Außerdem hat das Gericht daran erinnert, dass das Allgemeininteresse, das Art. 7 Abs. 1 Buchst. b der Verordnung 2017/1001 zugrunde liegt, der die Eintragung einer Marke ohne Unterscheidungskraft ausschließt, den Schutz des Verbrauchers betrifft, indem es ihm ermöglicht wird, ohne die Möglichkeit von Verwechslungen die Herkunft der mit der Marke gekennzeichneten Waren oder Dienstleistungen im Einklang mit der wesentlichen Funktion der Marke als Herkunftshinweis zu unterscheiden, während das Allgemeininteresse, auf dem Art. 7 Abs. 1 Buchst. c beruht, der der Eintragung einer beschreibenden Marke entgegensteht, in erster Linie im Schutz der Wettbewerber vor jeder Gefahr einer Monopolisierung von Angaben, die für Merkmale dieser Waren oder Dienstleistungen beschreibend sind, durch nur einen Wirtschaftsteilnehmer besteht. Eine Marke, die – wie im vorliegenden Fall – nicht beschreibend ist, besitzt also nicht schon deshalb Unterscheidungskraft.

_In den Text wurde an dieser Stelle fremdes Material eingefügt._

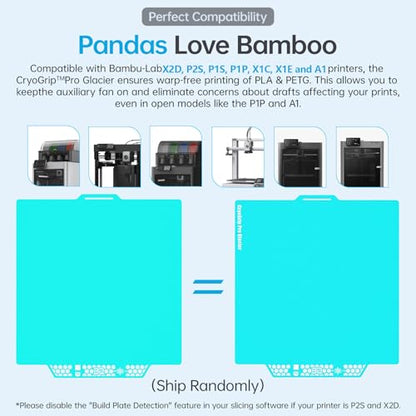BIQU CryoGrip Pro Glacier Panda Build Plate for Bambu-Lab 3D Printers - color: Glacier-Blue, size: 257*257MM, style: Glacier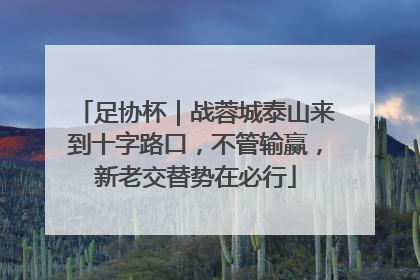 足协杯｜战蓉城泰山来到十字路口，不管输赢，新老交替势在必行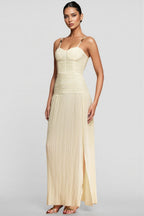 Fynnlk Halter Fishbone Folds Slit Maxi Dress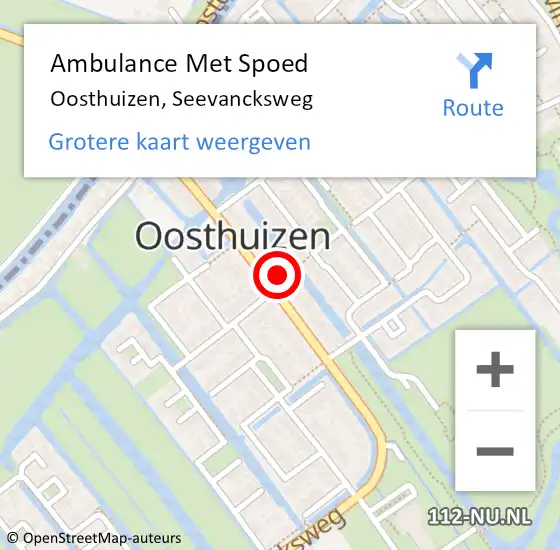 Locatie op kaart van de 112 melding: Ambulance Met Spoed Naar Oosthuizen, Seevancksweg op 25 juli 2024 19:22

Das Gericht ist, da es der Auffassung ist, dass die maßgeblichen Verkehrskreise die angemeldete Marke nicht als reine Sachaussage verstehen werden, wonach die betreffenden Waren in Weiß erhältlich sind, sondern eher als Hinweis auf ihre Herkunft, zu dem Ergebnis gelangt, dass diese Marke Unterscheidungskraft hat.

Nach alledem hat das Gericht den beiden Klagegründen stattgegeben und die Entscheidung des EUIPO aufgehoben.


( 1 ) Verordnung (EU) 2017/1001 des Europäischen Parlaments und des Rates vom 14. Juni 2017 über die Unionsmarke (ABl. 2017, L 154, S. 1).